Captioned web images

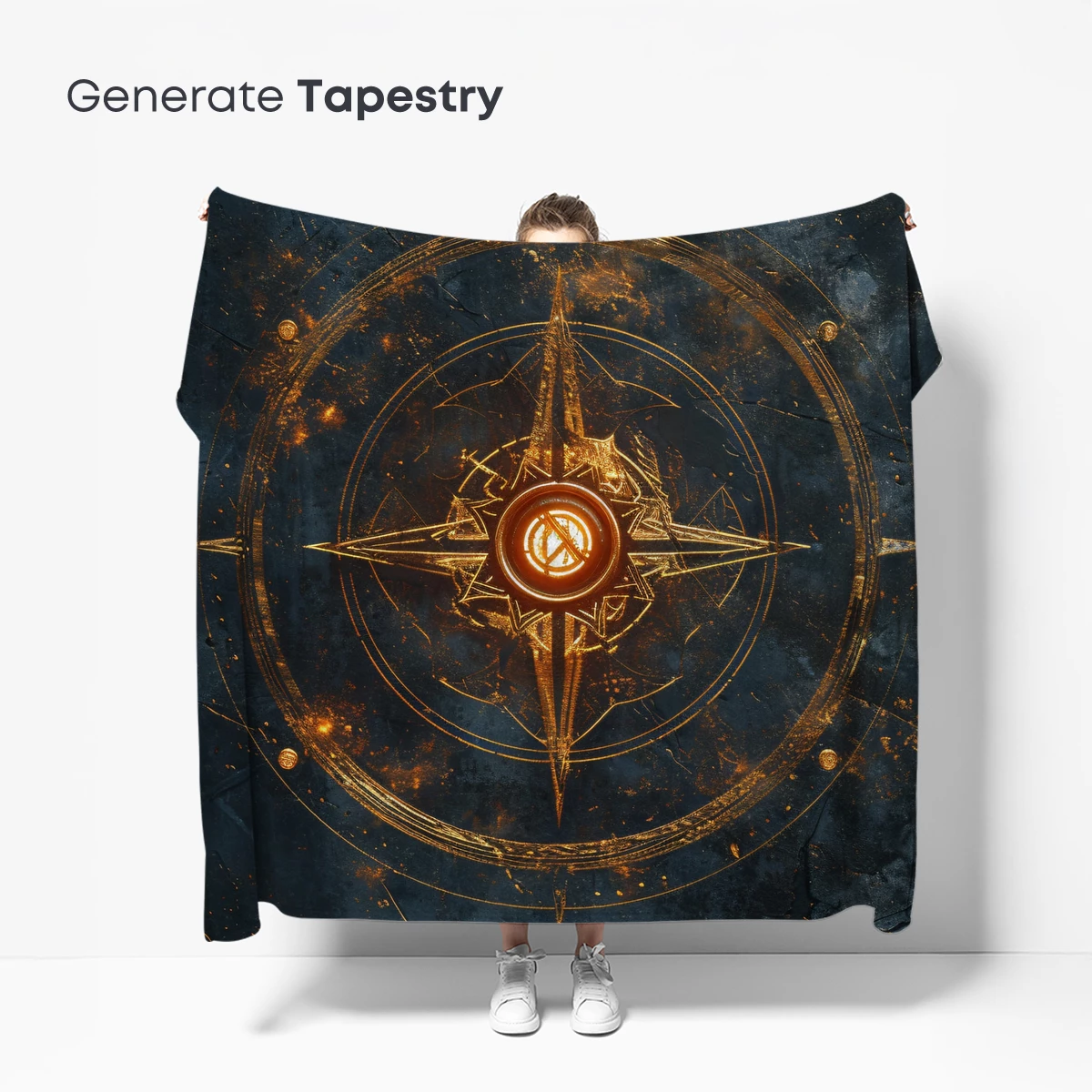 Eternal Compass: Golden Mystique on Dark Canvas - Image 5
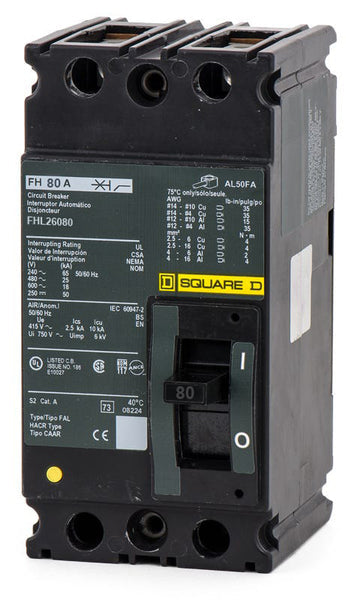FHL26080 | Square D FHL Series 80A 2-Pole 600V Feed-Thru Circuit Breaker
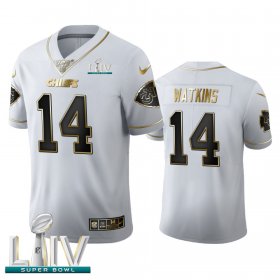 Wholesale Cheap Kansas City Chiefs #14 Sammy Watkins Men\'s Nike White Golden Super Bowl LIV 2020 Edition Vapor Limited NFL 100 Jersey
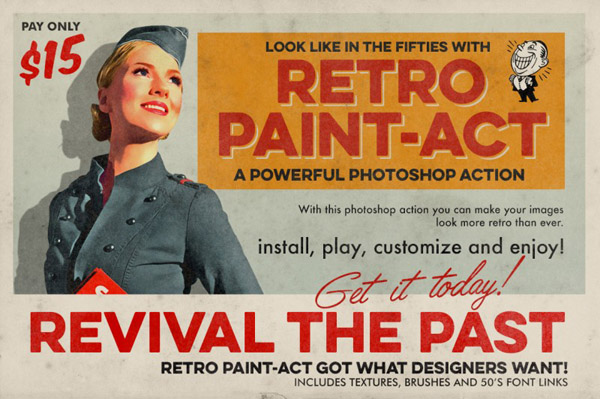 Retro Paint-Act – PS Action + Kit 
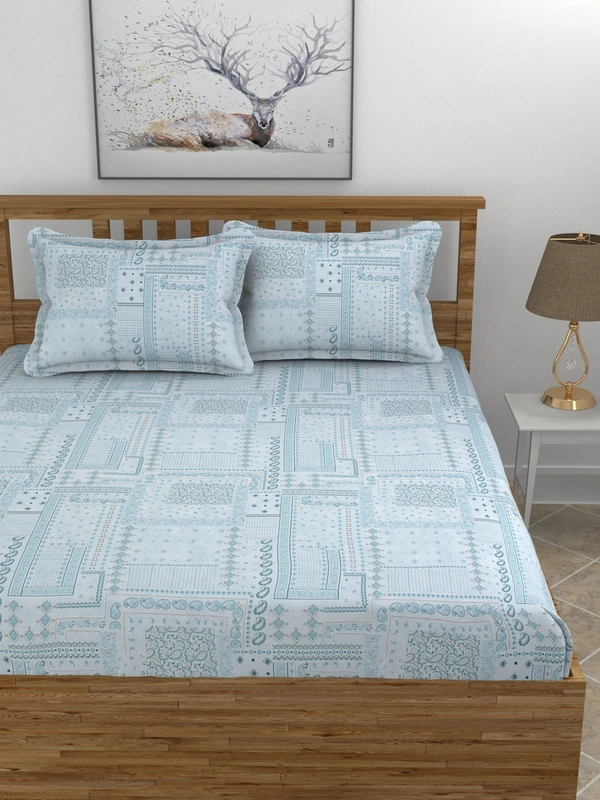 MORADO Premium Pure Cotton 210 TC King Size Double Bedsheet with 2 Pillow Covers (108 x 108 Inches, Blue) - 108x108 Inches, Blue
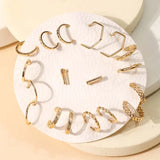 Mixed Metallic Hoop Earrings Set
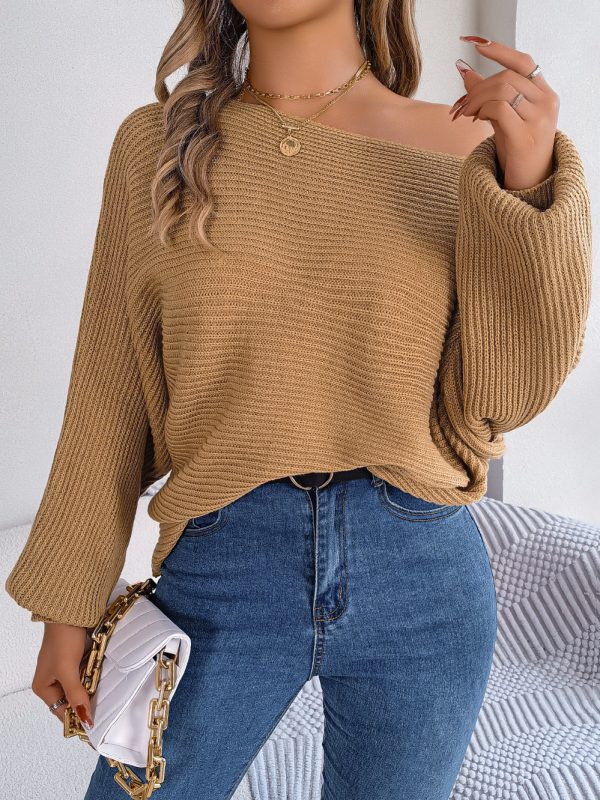 Autumn Winter Casual Loose Solid Color Batwing Sleeve Pullover Sweater in Sweaters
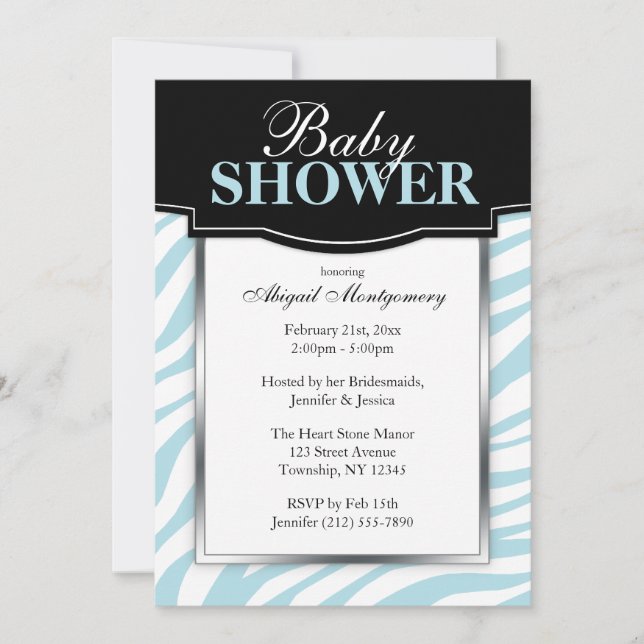 Chic Blue Zebra Print Baby Dusche Einladungen (Vorderseite)
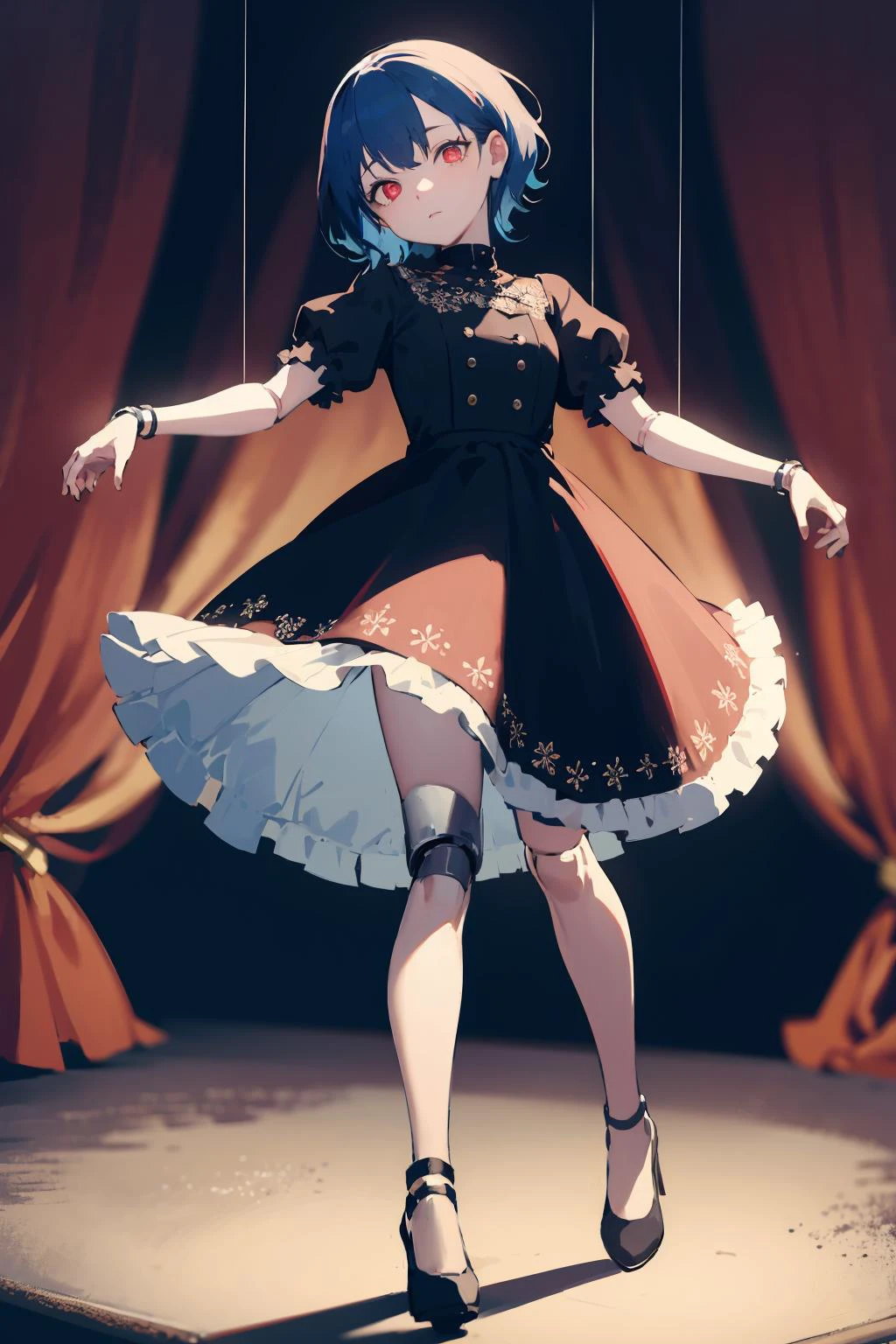 masterpiece,highres,best quality,scenery,1girl,solo,<lora:string-wasabiya:1>,suspstring,(beautiful eyes, red eyes , blue hair , beautiful face),cowboy shot,expressionless,stage, stage curtains ,full body,standing,suspension,midair,doll joints,short sleeves,skirt,head tilt,outstretched arms,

Task prompt: An exact copy of all the records is required, with the pictures omitted.

Answer space:
 Eternal Compass: Golden Mystique on Dark Canvas - Image 5
FHL26080 | Square D FHL Series 80A 2-Pole 600V Feed-Thru Circuit Breaker
 Wholesale Cheap Kansas City Chiefs #14 Sammy Watkins Men\'s Nike White Golden Super Bowl LIV 2020 Edition Vapor Limited NFL 100 Jersey
 Retro Paint-Act – PS Action + Kit 
 MORADO Premium Pure Cotton 210 TC King Size Double Bedsheet with 2 Pillow Covers (108 x 108 Inches, Blue) - 108x108 Inches, Blue
 Mixed Metallic Hoop Earrings Set
 Autumn Winter Casual Loose Solid Color Batwing Sleeve Pullover Sweater in Sweaters
 Chic Blue Zebra Print Baby Dusche Einladungen (Vorderseite)
 masterpiece,highres,best quality,scenery,1girl,solo,<lora:string-wasabiya:1>,suspstring,(beautiful eyes, red eyes , blue hair , beautiful face),cowboy shot,expressionless,stage, stage curtains ,full body,standing,suspension,midair,doll joints,short sleeves,skirt,head tilt,outstretched arms,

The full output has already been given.